Task prompt: Could you repeat the entries below exactly, but only from the line with "Black+Decker Countertop Convection" through the line with "Funny Unicorn Alien", and without any picture?

Given records:
-------------------------

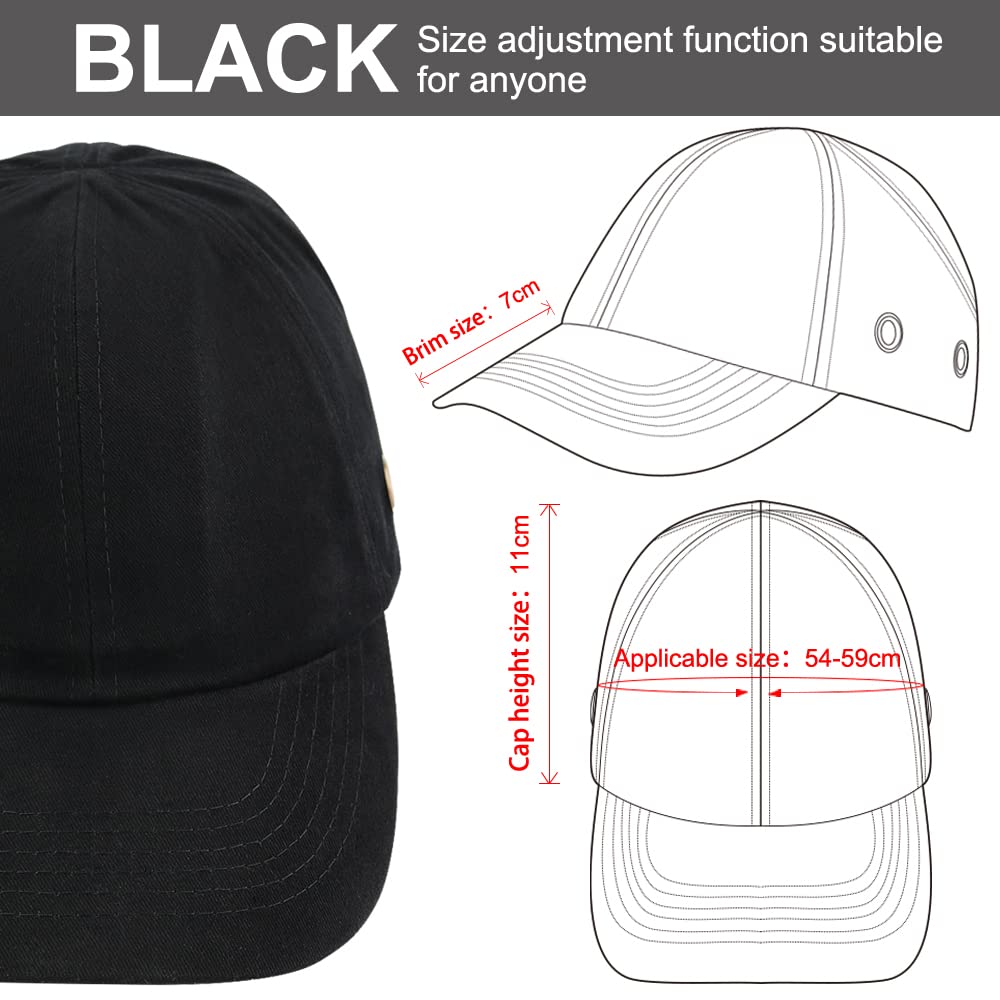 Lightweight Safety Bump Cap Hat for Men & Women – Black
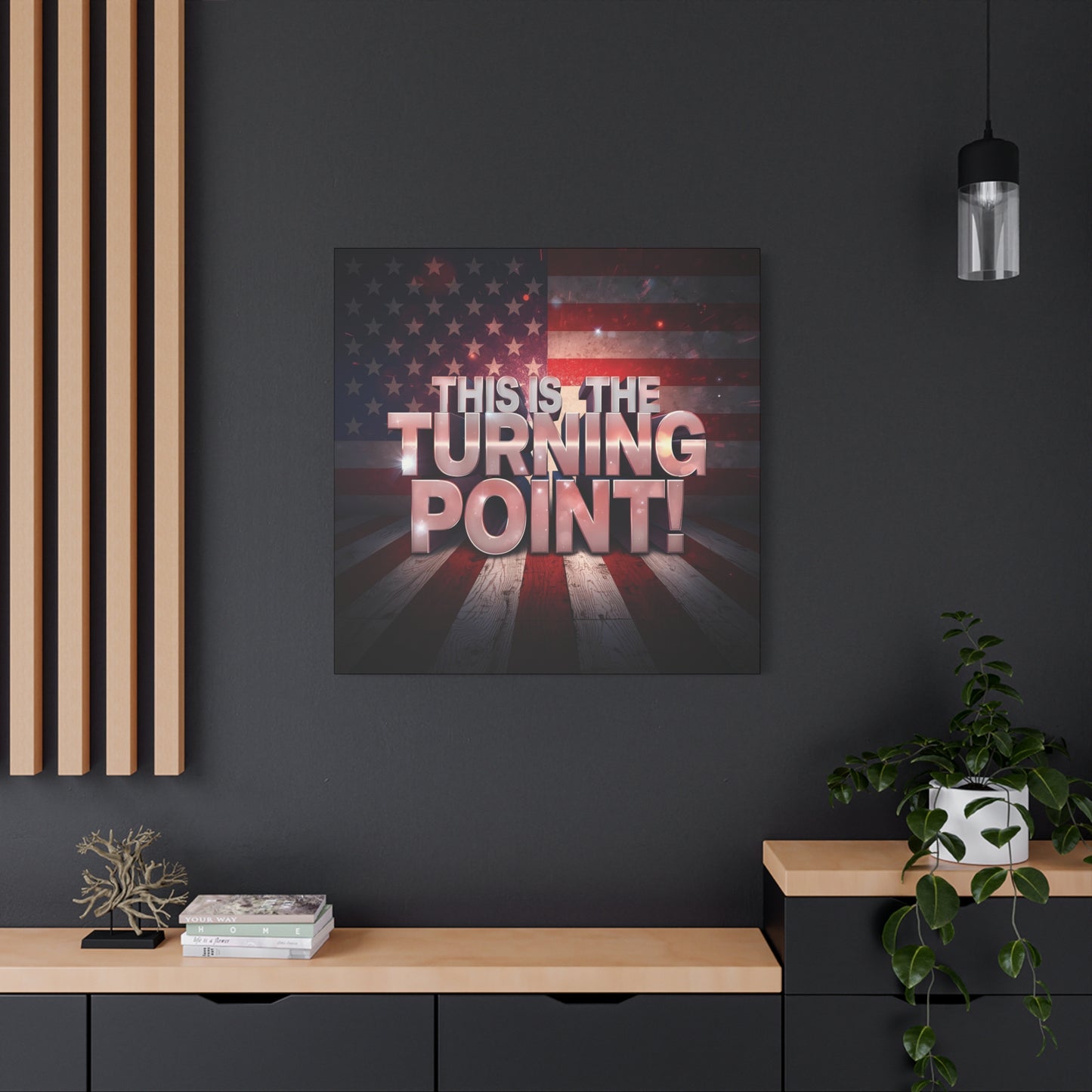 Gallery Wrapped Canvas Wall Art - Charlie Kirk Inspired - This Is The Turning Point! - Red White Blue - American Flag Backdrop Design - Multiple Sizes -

-------------------------

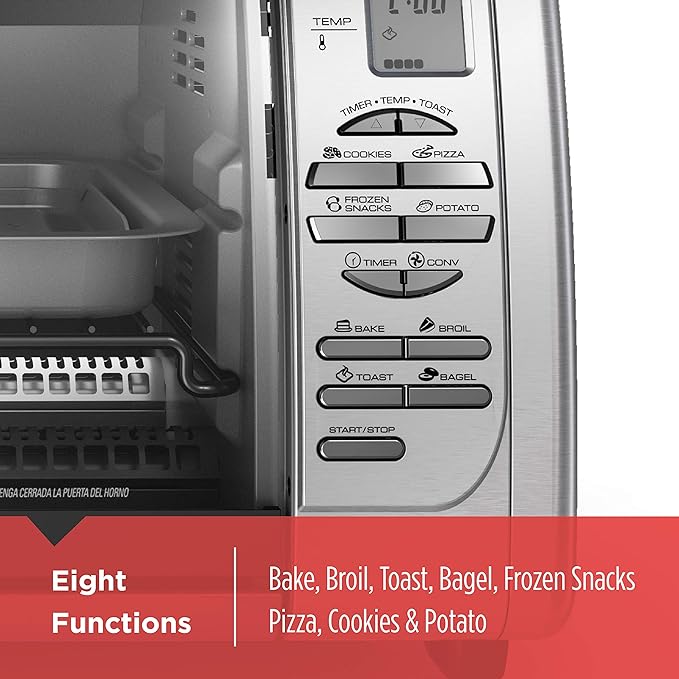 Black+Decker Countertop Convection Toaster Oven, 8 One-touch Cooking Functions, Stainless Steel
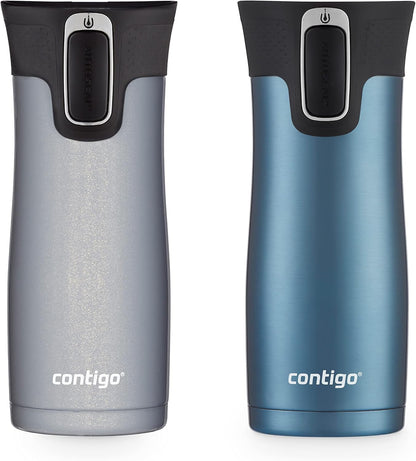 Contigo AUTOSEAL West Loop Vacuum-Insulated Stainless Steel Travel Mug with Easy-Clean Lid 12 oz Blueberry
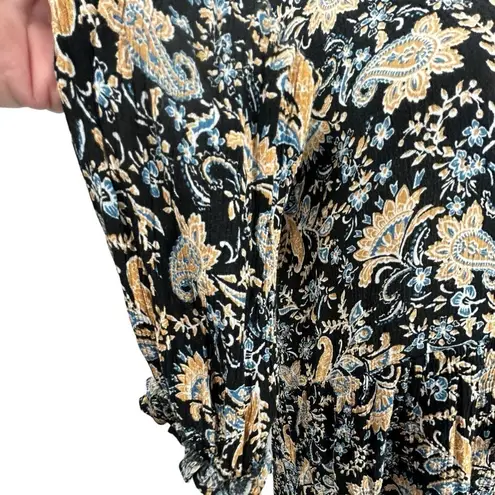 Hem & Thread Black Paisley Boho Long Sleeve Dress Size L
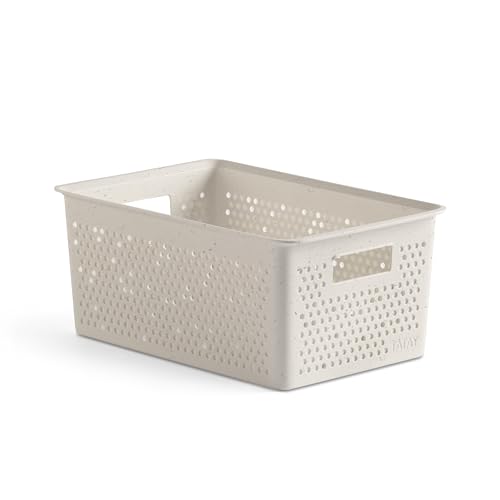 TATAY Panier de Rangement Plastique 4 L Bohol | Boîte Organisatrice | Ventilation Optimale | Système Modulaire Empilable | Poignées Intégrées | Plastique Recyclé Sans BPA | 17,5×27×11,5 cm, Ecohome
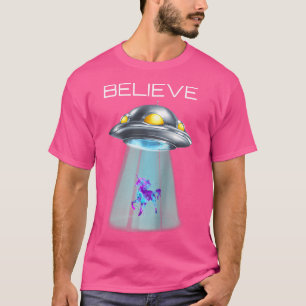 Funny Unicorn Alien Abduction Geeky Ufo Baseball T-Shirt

-------------------------

Response to the exercise:
 Black+Decker Countertop Convection Toaster Oven, 8 One-touch Cooking Functions, Stainless Steel
 Contigo AUTOSEAL West Loop Vacuum-Insulated Stainless Steel Travel Mug with Easy-Clean Lid 12 oz Blueberry
 Hem & Thread Black Paisley Boho Long Sleeve Dress Size L
 TATAY Panier de Rangement Plastique 4 L Bohol | Boîte Organisatrice | Ventilation Optimale | Système Modulaire Empilable | Poignées Intégrées | Plastique Recyclé Sans BPA | 17,5×27×11,5 cm, Ecohome
 Funny Unicorn Alien Abduction Geeky Ufo Baseball T-Shirt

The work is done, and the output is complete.